Jeudi matin, Alexandre Patrou, secrétaire général aux affaires corses (Sgac) qui représentait le préfet de Corse lors de l'assemblée générale extraordinaire de la chambre de commerce et d'industrie de Corse (CCI), s'est exprimé sur le projet de créer deux syndicats mixtes ouverts (SMO) portuaire et aéroportuaire d'ici la fin de l'année.
Ces SMO devraient, selon les statuts présentés jeudi matin, accorder des concessions à la CCI insulaire afin qu'elle puisse continuer de gérer les ports et aéroports de l'île à partir du 1er janvier 2025.
Mais pour M. Patrou ce montage présenterait "un risque juridique important", ce qui a suscité l'ire du président autonomiste du conseil exécutif de l'île, Gilles Simeoni.

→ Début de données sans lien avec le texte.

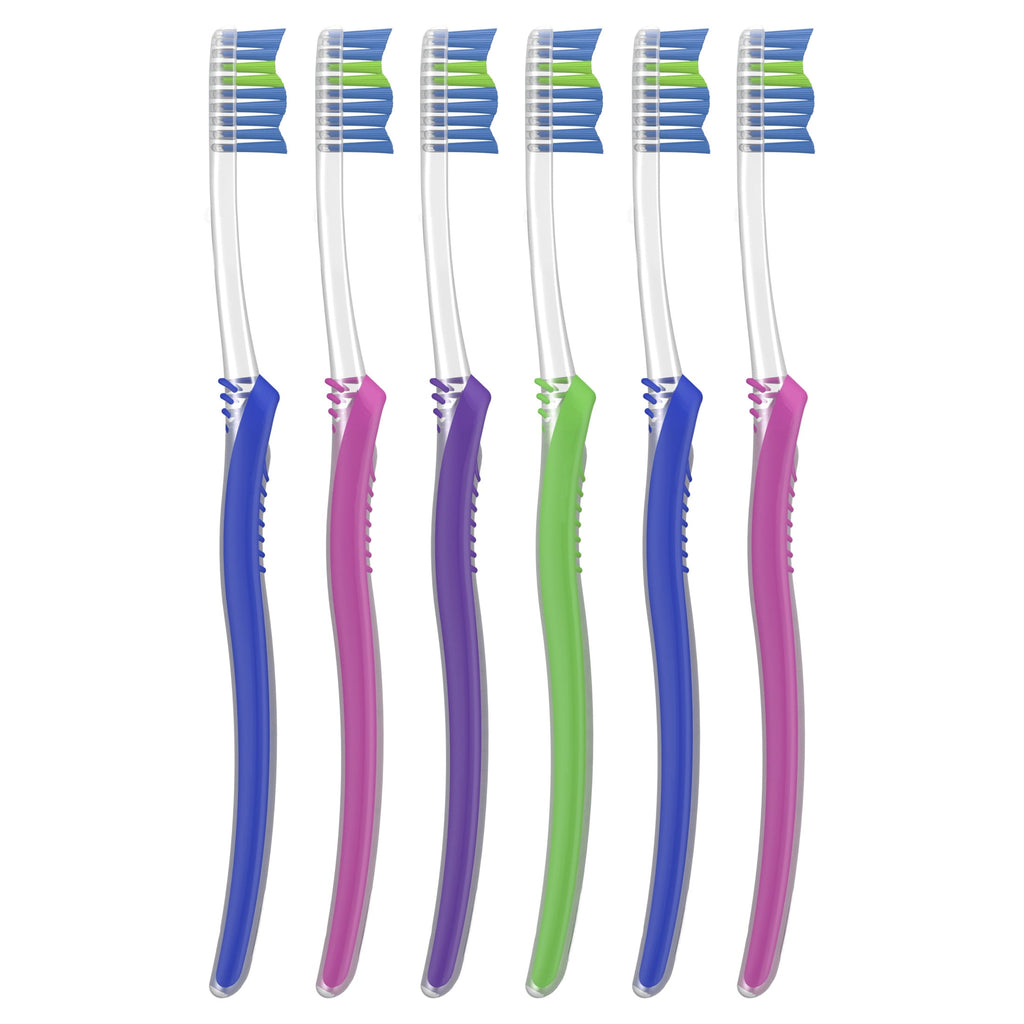 Toothbrush, Toothbrush Pack, Advanced Clean Toothbrush, Color-Changing Bristles, Soft, 6 Count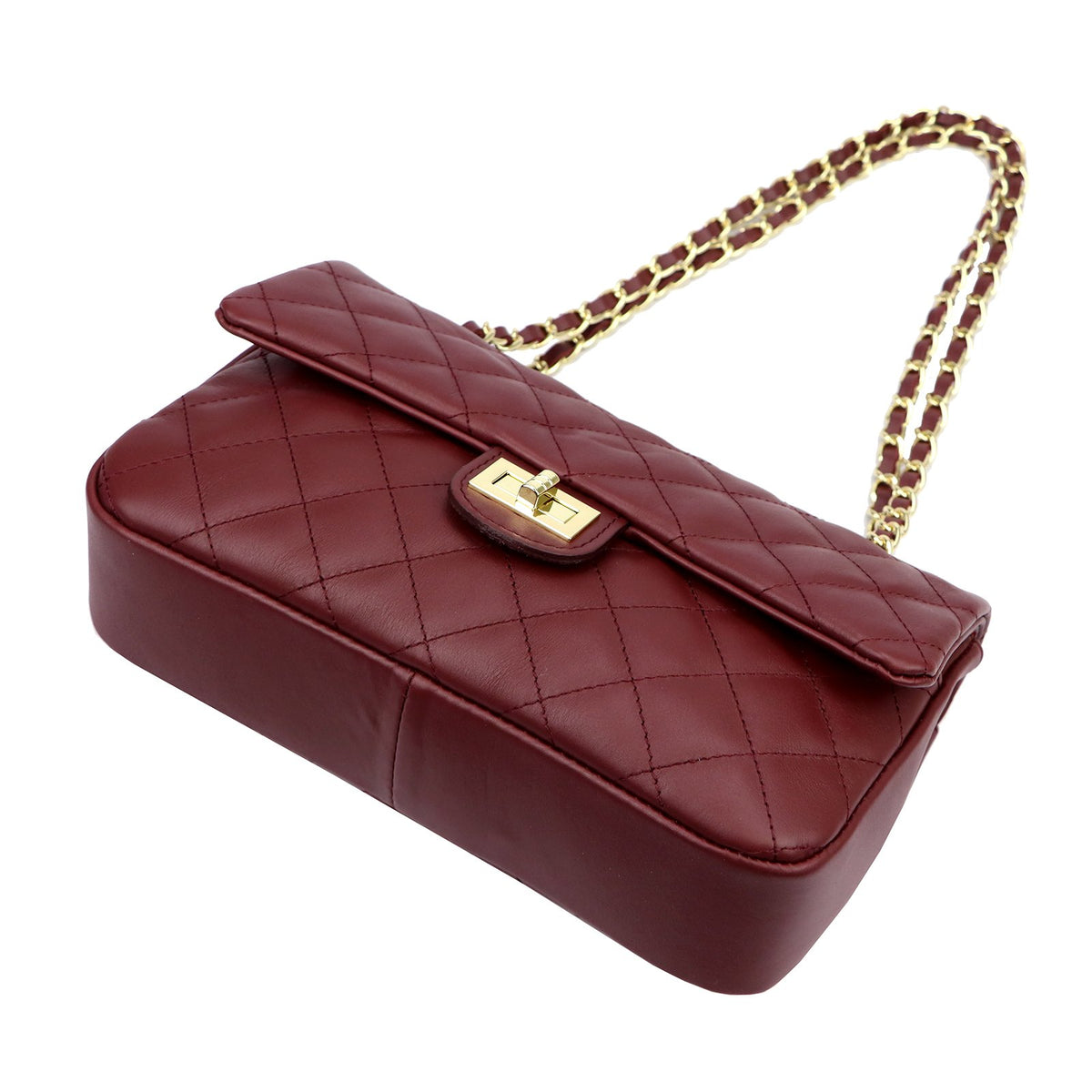 Camilla PREMIUM 10.018 MIDI SAVAGE bordo natūralios odos rankinė bordo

"C'est une déclaration de guerre et je vous le redis, pour moi ce n'est pas négociable, il n'y aura pas de groupes internationaux qui gèreront les ports et les aéroports de Corse", s'est emporté Gilles Simeoni, en dénonçant "la décision que vient d'annoncer aujourd'hui l'Etat, en catimini, sans nous prévenir et en reniant son engagement et sa parole".

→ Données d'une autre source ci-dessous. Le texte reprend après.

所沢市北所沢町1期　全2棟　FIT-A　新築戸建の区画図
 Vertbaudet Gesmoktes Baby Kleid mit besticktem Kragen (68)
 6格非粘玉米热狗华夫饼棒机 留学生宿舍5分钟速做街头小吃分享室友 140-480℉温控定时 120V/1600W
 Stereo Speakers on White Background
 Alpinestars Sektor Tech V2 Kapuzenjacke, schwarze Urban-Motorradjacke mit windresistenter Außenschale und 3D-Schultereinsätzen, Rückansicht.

En réaction, le préfet de Corse, Amaury de Saint-Quentin, a indiqué à l'AFP que l'Etat n'avait "aucune opposition" à la gestion des ports et aéroports corses par des SMO, mais que cette gestion devait avoir lieu en "régie directe" pour éviter "le risque juridique" d'une gestion en "subdélégation à la Chambre de commerce".

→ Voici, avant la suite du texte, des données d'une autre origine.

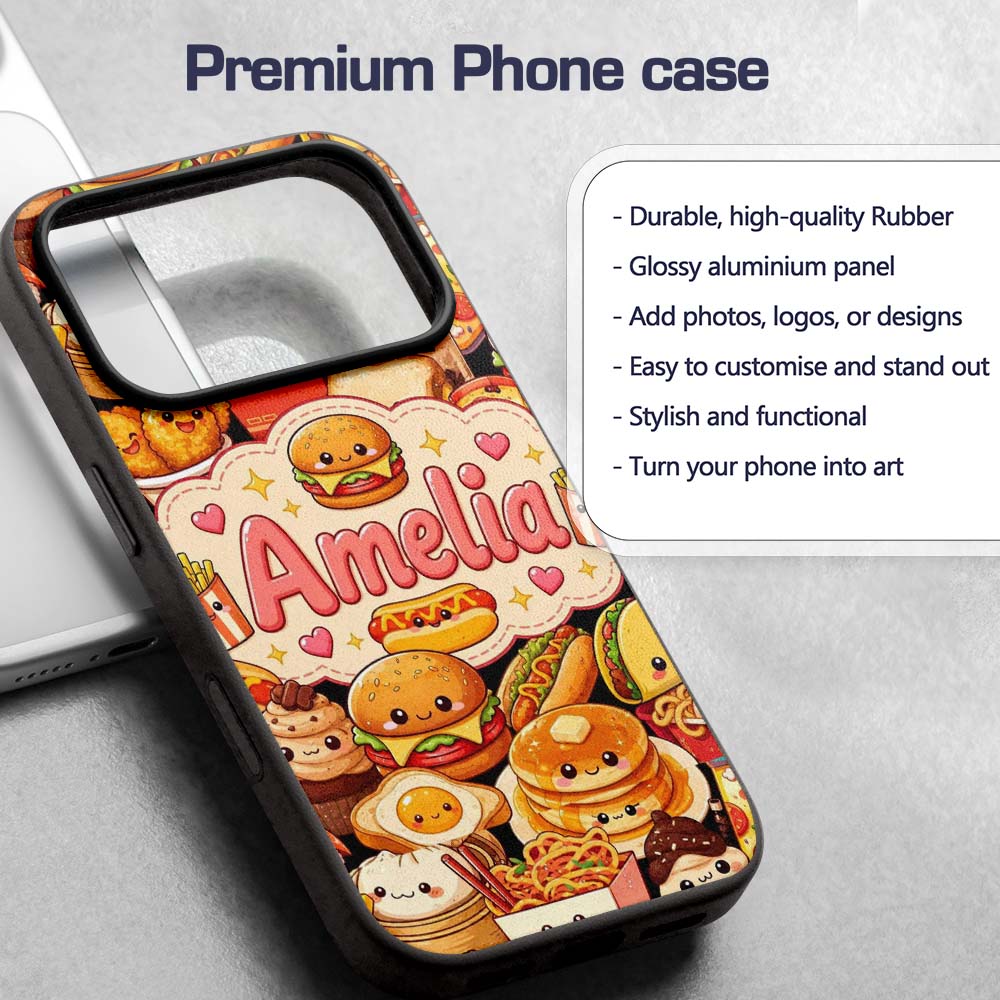 Cute Kawaii Fast Food Junk Snack Collage Seamless Custom Name Protective Phone Case Mobile Cover Durable Everyday Smartphone Shock Resistant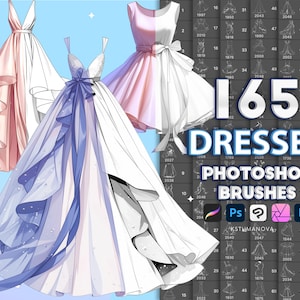 Photoshop dresses brushes. Procreate fashion dress stamp brushes. Procreate clothing design. Digital brushes, Clip Studio Paint, Affinity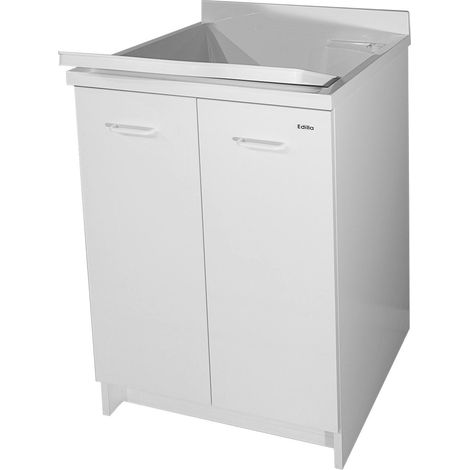 Mobile Lavatoio 60x60x85cm 2 Ante Asse in Termoplastico Montegrappa Edilla Bianco con Cesto (1/4)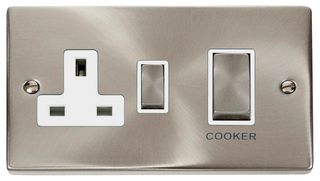 VPSC504WH - Double Pole Cooker Switch & Switched Socket, 2 Gang, 45A, Satin Chrome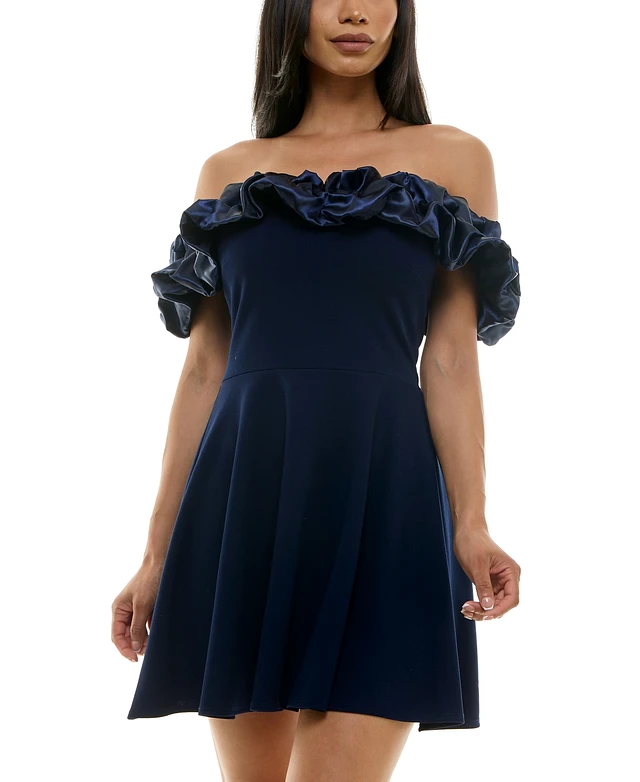 b darlin juniors' off-the-shoulder shirred bodycon dress Ruffle-Trim Mini Sheath-Column Maxi Chiffon Yellow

Il n'y a "aucune vélléité de la part de l'Etat" de confier à des groupes privés la gestion des ports et aéroports insulaires, a-t-il insisté.
- Conflit financier derrière le conflit technique -
Mais, sans attendre ces clarifications, les syndicats de la CCI, emmenés par le syndicat des travailleurs corses (STC), ont aussitôt lancé un mouvement de grève spontané qui a entraîné jeudi après-midi le blocage des quatre aéroports et six ports de l'île et de centaines de voyageurs.
"Tous les ports et aéroports de Corse sont bloqués depuis quelques heures par le STC", a déclaré à l'AFP Laurent Filippi, délégué syndical STC sur le port de Bastia. "Il n'y a plus rien qui décolle, plus rien qui atterrit et plus rien qui sort ou rentre des ports", a ajouté le délégué syndical.
Une source sécuritaire et des sources aéroportuaires ont confirmé à l'AFP ces blocages.
A Ajaccio, Adeline Didier, ingénieure commerciale en attente d’un vol pour Nice, a confié à l’AFP son désarroi: "on est arrivé à 16H30 et on n’a aucune info parce que, sur l’application, le vol passe de annulé à retardé à annulé à retardé. C’est la police qui nous a prévenus que le vol était annulé".
Pour "prendre en charge les voyageurs sans solutions", la préfecture de Haute-Corse a notamment mis à disposition des passagers bloqués à l'aéroport de Bastia un gymnase jeudi soir.
Appelant à soutenir la grève, un collectif de la jeunesse nationaliste "union de la jeunesse en lutte" a affirmé dans un communiqué jeudi soir: "l'Etat français ne doit en aucun cas laisser la Corse aux groupes internationaux, pouvant être une pierre à l'extinction de notre pays".
Mais derrière ce conflit d'apparence technique entre l'Etat et la collectivité de Corse figure une autre difficulté financière: Gilles Simeoni réclame en effet 50 millions d'euros supplémentaires à l'Etat pour compenser l'inflation non prise en compte dans la somme allouée par l'Etat pour assurer la continuité territoriale entre l'île et le continent.
Une demande qui tarde à donner lieu à une réponse du nouveau gouvernement, déjà aux prises avec la situation financière dégradée au niveau national.
"La réindexation n'est pas donnée et elle est due, ce n'est pas quémander que de le rappeler", a déclaré vendredi Gilles Simeoni à l'Assemblée de Corse.
"Si cette dotation n'intervient pas, nous serons dans l'impossibilité de maintenir l'exécution des contrats de délégation de service public dans les domaines maritime et aérien", avait mis en garde M. Simeoni fin septembre.
Cela voudrait dire "des centaines d'emplois directs menacés" chez Air Corsica, Air France, Corsica Linea, La Méridionale et "des milliers d'emplois indirects, des risques de blocage de ports, d'aéroports", avait-il ajouté.